There are two rikishi from the United States of America in sumo currently.
They are Musashikuni (Fiamalu Penitani) and Wakaichiro (Ichiro Young).
Both are in Musashigawa stable, where the stablemaster, not coincidentally, also hails from the United States.
Former yokozuna Musashimaru (now known as Musashigawa) won 12 titles before retiring as the most successful foreign-born wrestler of all time in 2003.
Ten years later he opened Musashigawa stable with just four wrestlers, including Musashikuni, who is also his nephew.
That has grown to 19 men, as the American Samoa native has translated ability in the ring into success as a coach and recruiter.
Musashigawa of course isn’t the first American stablemaster. That honor goes to Jesse Kuhaulua, who led Azumazeki Beya for 23 years after retiring from a groundbreaking career in the ring in 1984.

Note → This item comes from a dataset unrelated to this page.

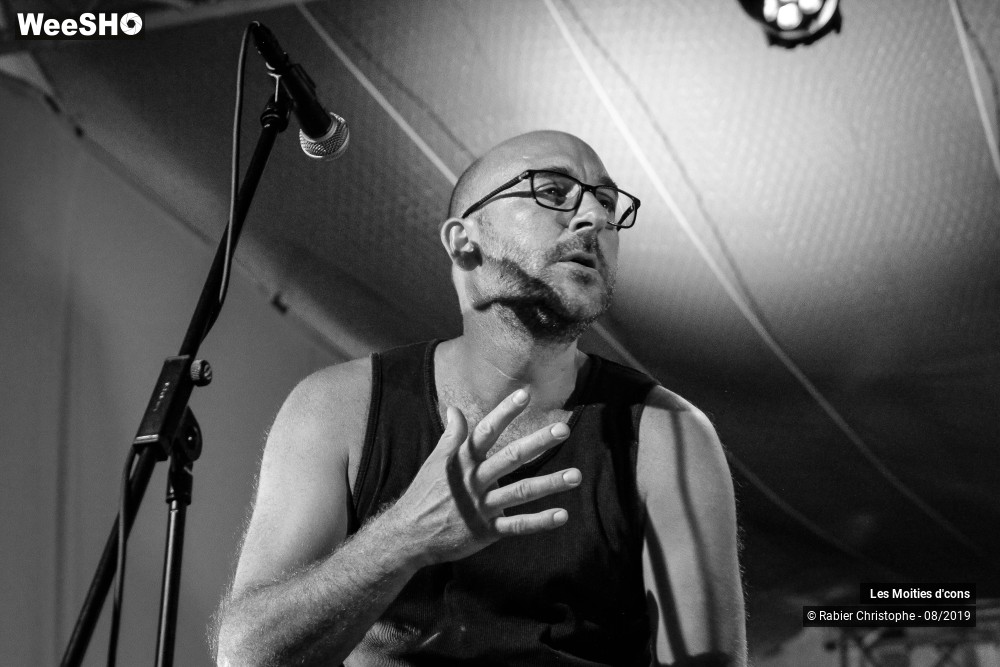 21/26 photos du spectacle Les Moities d'cons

As Takamiyama, Kuhaulua not only set records for longevity and appearances, but also became the first non-Japanese rikishi to reach the rank of sekiwake as well as the first foreign winner of the Emperor’s Cup.
He also paved the way for fellow Hawaiians Konishiki and Akebono, two men who would become, respectively, the first foreign ozeki and yokozuna.
While the vast majority of Americans in sumo have hailed from Pacific islands, there have been a few from the continental United States.
Henry Miller’s upbringing in St. Louis, Missouri, was reflected in the reading of his ring name 戦闘竜 (Sentoryu).
Miller reached the top division in July 2000 and is still the only person from the Lower 48 with that distinction.
Wakaichiro hails from Houston, but he isn’t the first Texan to have tried his hand at sumo. Phillip Smoak arrived in Japan in 1981 wearing cowboy boots and a Stetson but found the harsh lifestyle too much to bear and was gone within a few months.
In total, 31 Americans have joined professional sumo since California-born Hiraga became the first rikishi from outside Japan in 1934. Most never reached the top ranks, but those who did had a major impact and changed the sport forever.